The physician-patient relationship is unique and depends upon trust and confidence between the parties for the provision of care. Physicians are entitled to end the physician-patient relationship under certain circumstances. Each situation is ultimately fact-specific. Physicians are expected to apply good clinical judgment and compassion in each case to determine the most appropriate course of action.
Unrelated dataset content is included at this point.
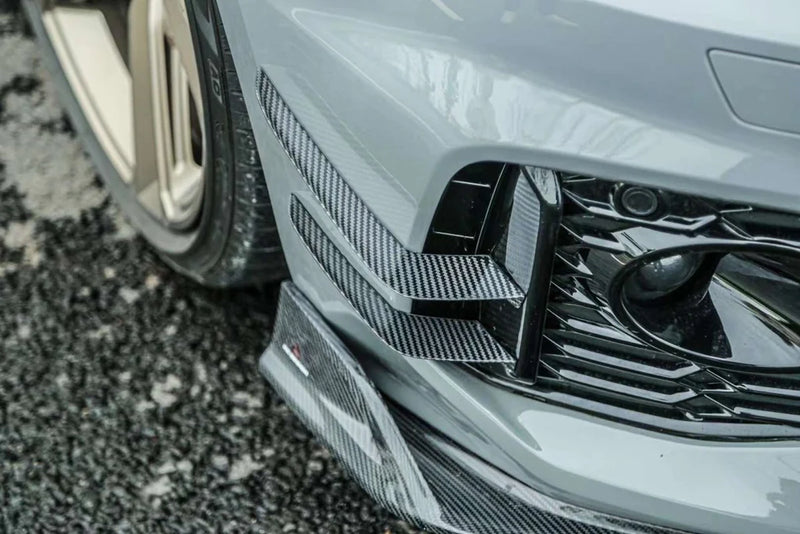 2021+ Audi B9.5 RS5 AE Design Front Bumper Canards (Carbon Fiber) *Special Order Only*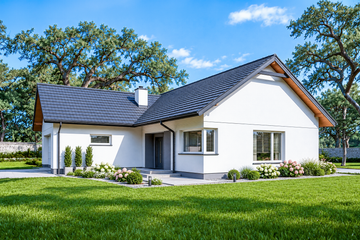 Projekt domu N4-G2 - parterowy dom o powierzchni 95,52 m², dach dwuspadowy - ujęcie 2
The document intends to clarify what is expected of physicians when ending a physician-patient relationship in circumstances other than the physicians’ retirement, relocation, leave of absence or disciplinary action. Physicians are required to abide by all relevant Human Rights legislation.

Principles

  1. Physicians have a duty to act in the best interests of their patients.
  2. An effective doctor-patient relationship is necessary for the provision of quality health care.
  3. Patients are entitled to be treated with respect and without discrimination during all stages of the physician-patient relationship, even if the relationship faces termination.

Professional Standard

1. A physician must have reasonable grounds for discharging a patient from his or her medical practice and document those reasons in the patient’s record.

 

2. A physician must not discharge a patient:

  1. based on a prohibited ground of discrimination as identified in the Nova Scotia Human Rights Act, 2012 as follows: age, race, colour, religion, creed, sex, sexual orientation, gender identity, gender expression, physical or mental disability, an irrational fear of contraction an illness or disease, ethnic, national or aboriginal origin, family status, marital status, source of income, political belief, affiliation or activity, and an individual’s association with another individual or class of individuals having characteristics aforementioned;
  2. because a patient makes poor lifestyle choices (such as smoking);
  3. because a patient fails to keep appointments or pay outstanding fees unless advance notice has been given to the patient;
  4. because the patient refuses to follow medical advice, unless the patient is repeatedly non-adherent despite reasonable attempts by the physician to address the non-adherence; or
  5. because the physician relocated his or her practice to a new location to which current patients could be reasonably expected to follow.

 

3. When unilaterally terminating a relationship with a patient, a physician must:

  1. give advance written notice of intention to terminate care and provide a timeline that is commensurate with the continuing care needs of the patient,
  2. advise the patient of the reasons for termination of the physician-patient relationship unless disclosure of the reasons could be expected to:
    1. result in immediate and grave harm to the patient’s mental or physical health or safety;
    2. threaten the mental health and physical health or safety of another individual; or
    3. pose a threat to public safety.
  3. ensure continuity of follow-up care for outstanding investigations and serious medical conditions prior to the termination date or arrange transfer of care to another physician;
  4. provide or arrange for care until the termination of care; and
  5. establish a process for transfer of the patient’s medical information in response to future requests by the patient or an authorized third party.

 

Guidelines

4. Notwithstanding 2 (e), a physician may terminate a patient relationship if:

  1. the physician is changing scope of practice such that current patients would no longer fit within the new scope; or
  2. a relocation occurs more than twelve (12) months after closing an earlier practice.

 

5. Notwithstanding subsection (3), a physician may immediately discharge a patient if:

  1. the patient poses a safety risk to office staff, other patients or the physician;
  2. the patient commits fraud, such as for the purpose of obtaining narcotics or other drugs;
  3. the patient is abusive to the physician, staff or other patients;
  4. the patient fails to respect reasonable professional boundaries, or
  5. the physician is leaving medical practice because of personal illness or other urgent circumstances.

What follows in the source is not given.